11/8/2017 Morning Comments

Good Morning,

 

Last night saw the release of October import/export data from the General Administration of Customs in China.  Mostly solid import data once again this month with crude oil imports at 31.03MMT, which was up 7.8% y/y, but was the smallest total in 12-months.  Jan-Oct crude oil imports totaled 349.09MMT, up 12% on the year.  Coal imports measured 21.28MMT, down 1.4% y/y while Jan-Oct coal imports of 226.12MMT are still up 12% on the year.  Soybean imports totaled 5.86MMT, up 12% on the year with Jan-Oct imports at 77.31MM%, up 15% on the year.  Iron Ore imports totaled 79.49MMT, down 1.60% on the year, but Jan-Oct imports of 896.23MMT are up 6.3% on the year.

Rain in the southern plains, but otherwise a wide open Midwest radar.  Things should remain mostly dry the next several days until rains move into the corn belt Saturday/Sunday which looks to bring 0.10-0.30” of rain to every state from South Dakota to Ohio.  Temperatures remain well below normal until the weekend at which time the Midwest finally warms up.  Above normal temps are seen in the 6-10 and 8-14 day with below normal precip as well.  Harvest forecast looks about as good as one can hope for, if the grain is dry or if farmers are willing to pay drying costs.  Once into November, grain is not drying in the field any longer, so what you have is what you have.  Nothing to report in South America as benign conditions roll forward.

 

Mixed markets this morning as wheat adds to losses from yesterday while soybeans trade firmer for the third session in a row.  Soybeans really have the feeling they would trade appreciably higher if it weren’t for the anchors of corn and wheat.  Open interest changes were broadly mixed yesterday and a bit difficult to read into.  Corn open interest was up 729 contracts with price down 0.50c, soybeans were up 618 contracts with price up 2.0c, Chicago wheat was down 7,547 contracts with price down 3.50c and KC wheat open interest fell 6,231 contracts with price down 3.50c.  Funds are large net shorts in corn and wheat, making the drop in open interest in the wheat boards a bit peculiar.  Volume is trending up in corn, SRW and HRW wheat, but on-balance-volume remains negative for all three as bears remain in control so far.  OBV in soybeans has pushed into positive territory and is the highest since 9/14/17.

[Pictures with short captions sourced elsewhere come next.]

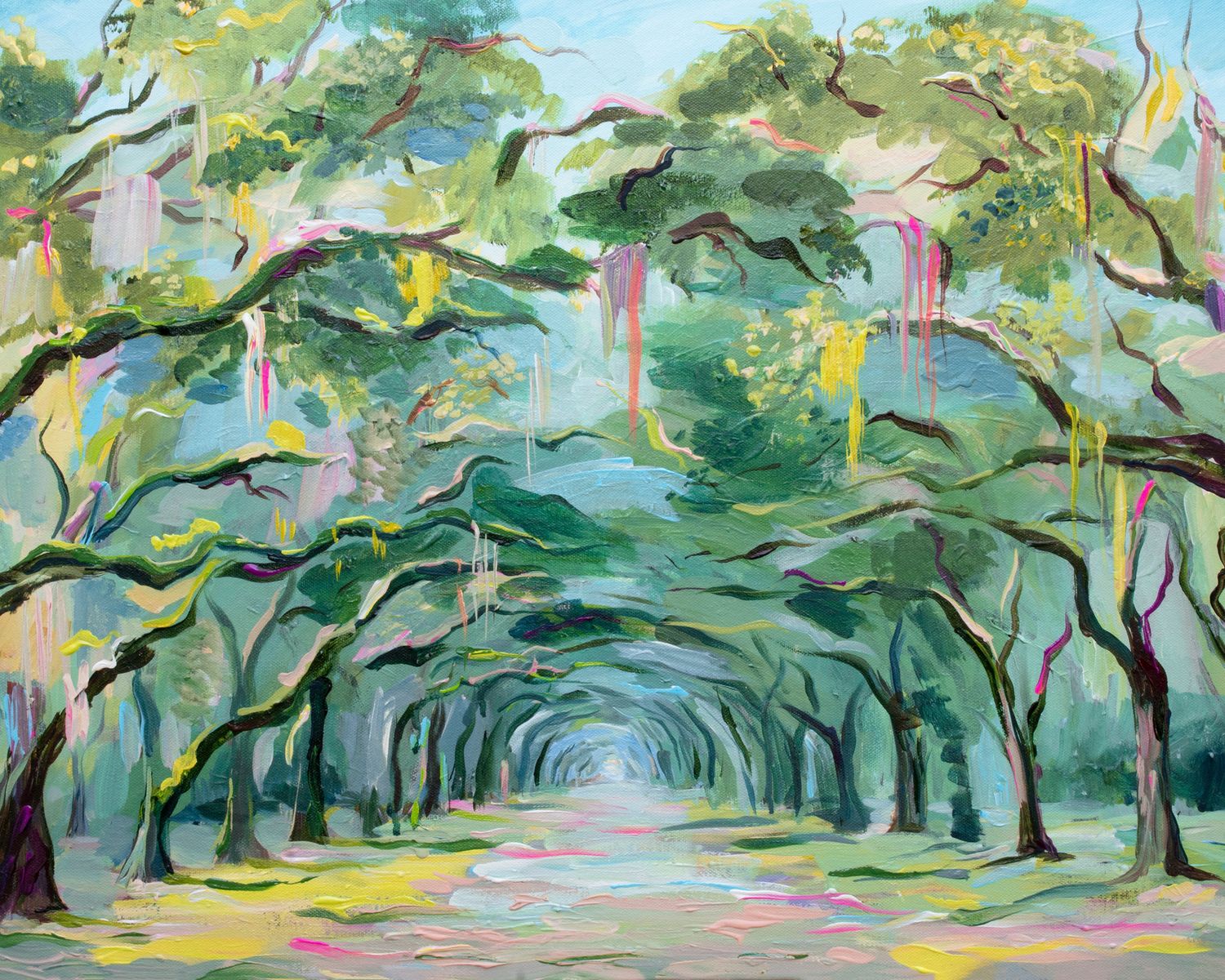 PRINT Wormsloe Historic Site, Savannah GA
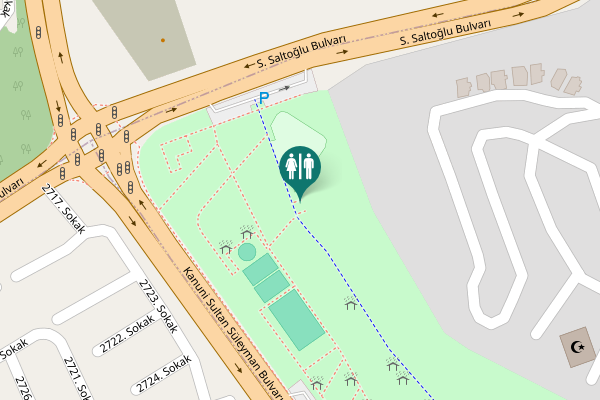 Map showing location of S. Saltoğlu Bulvarı Toilet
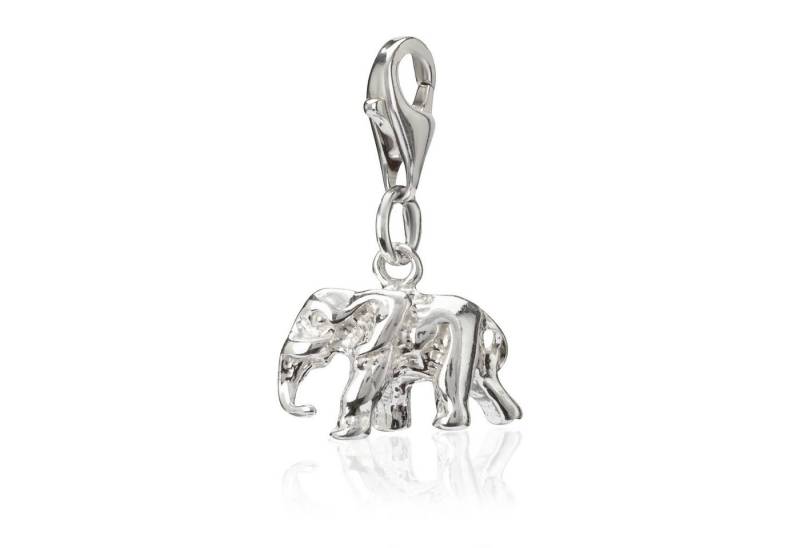 NKlaus Charm-Einhänger Damen Charm-Anhänger Elefant 925 Silber 13x8mm Sch von NKlaus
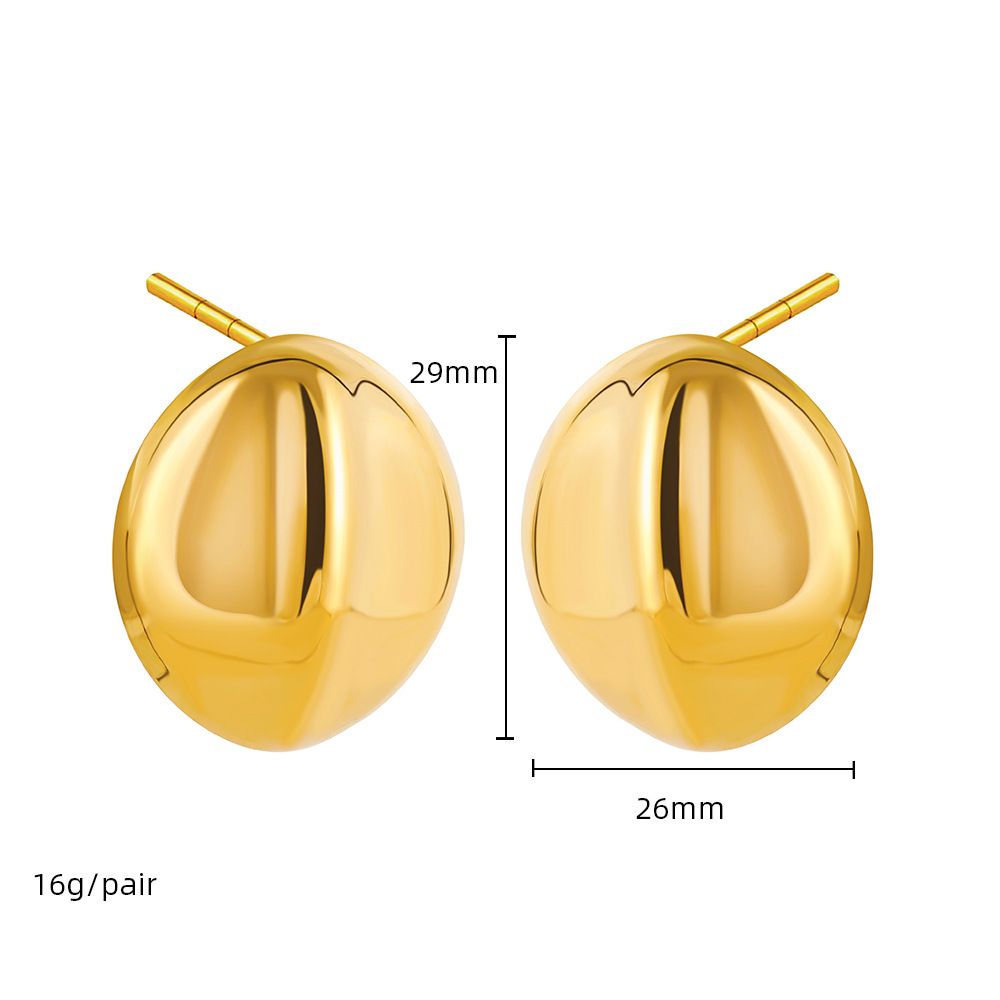 Celebrity Trend Stainless Steel Earrings Female Personality Liquid Love Earrings_ipsvogv.com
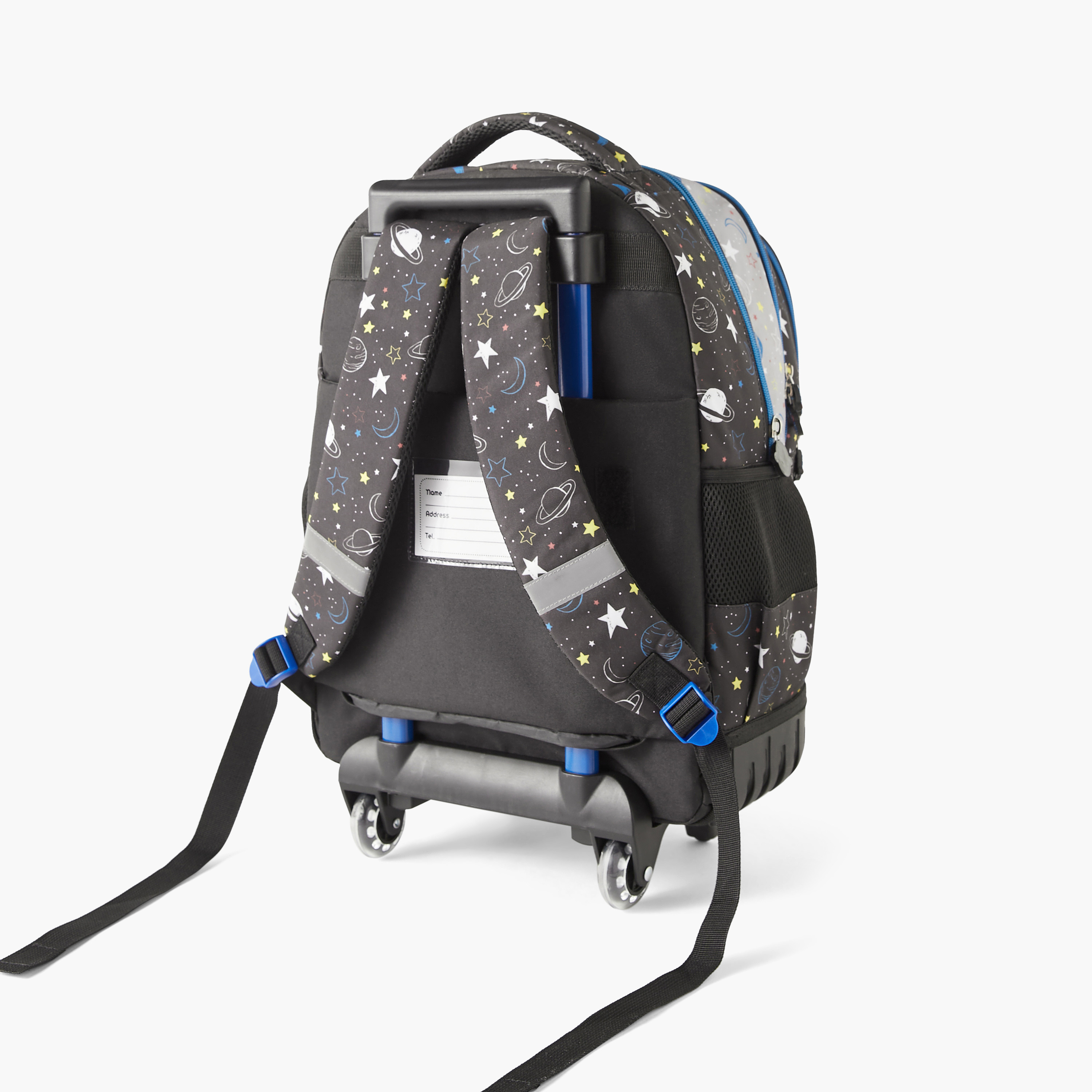 Must Astronaut Print 16-inch Trolley Backpack with Adjustable Shoulder Straps - 24x12x20 cms-cpkids-backtoschool-schoolbagsandbackpacks-trolleybags-image-7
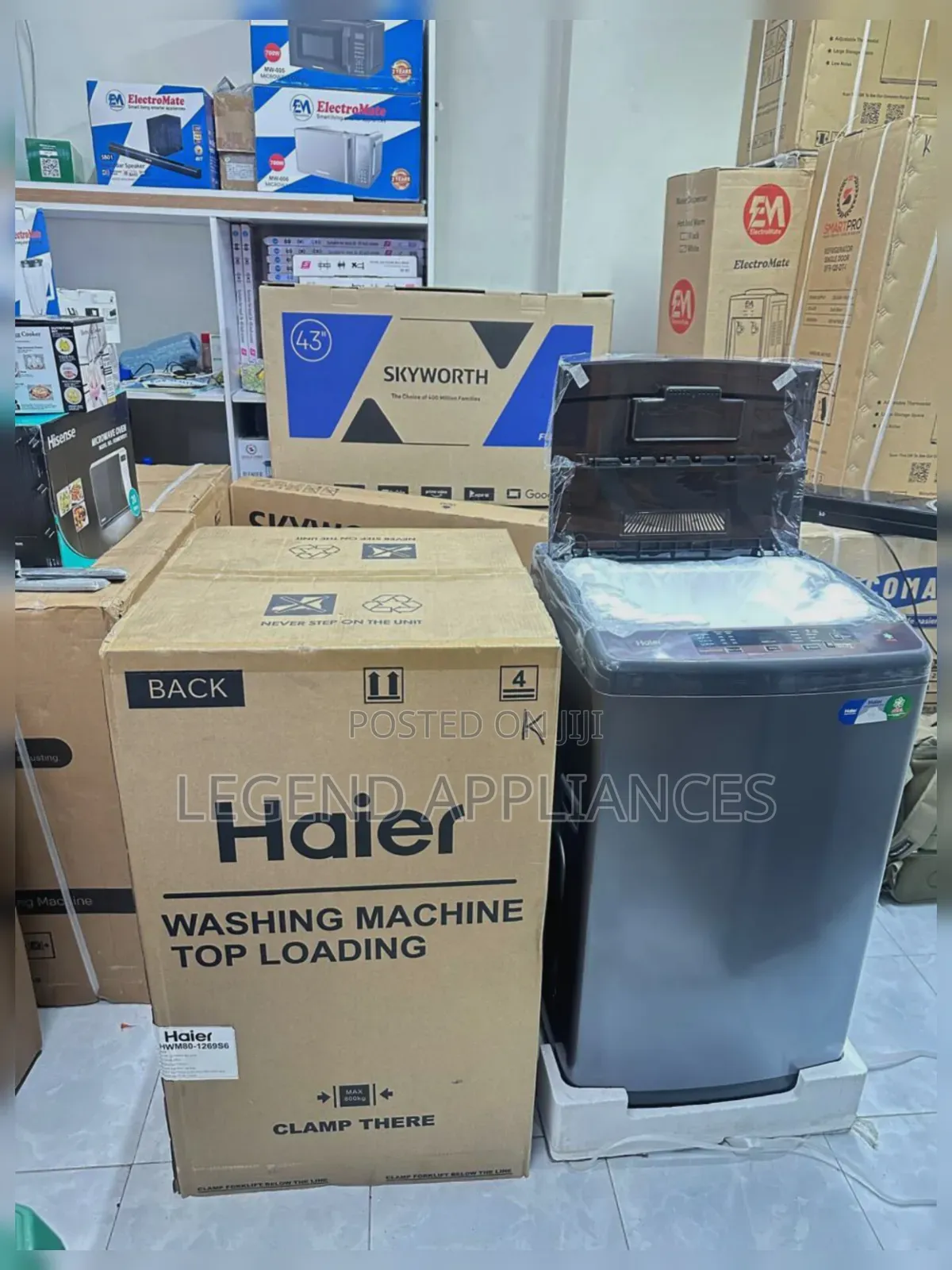 Haier 8kg Full Automatic Top Loader Washing Machine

The USDA Attache to South Korea released his monthly report on feed grains yesterday, delivering a bit of disappointing news, although not exactly surprising.  In his monthly report, corn imports for 17/18 were revised down to 9.7MMT from 10.2MMT previously as the Korean government plans to release 750,000MT of brown rice for animal feed in 2018 to reduce government stocks.  The disappointing point was the expected drop in the US share of Korean corn imports.  Given the South American drought in 2016/17, US corn accounted for 65% of all corn imports last year, the highest import share since 2010/11.  That share is expected to drop back down to 41% this coming year, however, as South America bounces back with solid harvests in both Brazil and Argentina.  This would drop total imports from the US to 4.0MMT from 5.961MMT a year ago.  The drop in export share is not exclusive to South Korea, and is exactly why both commitments and shipments are off to such a terrible start to the marketing year.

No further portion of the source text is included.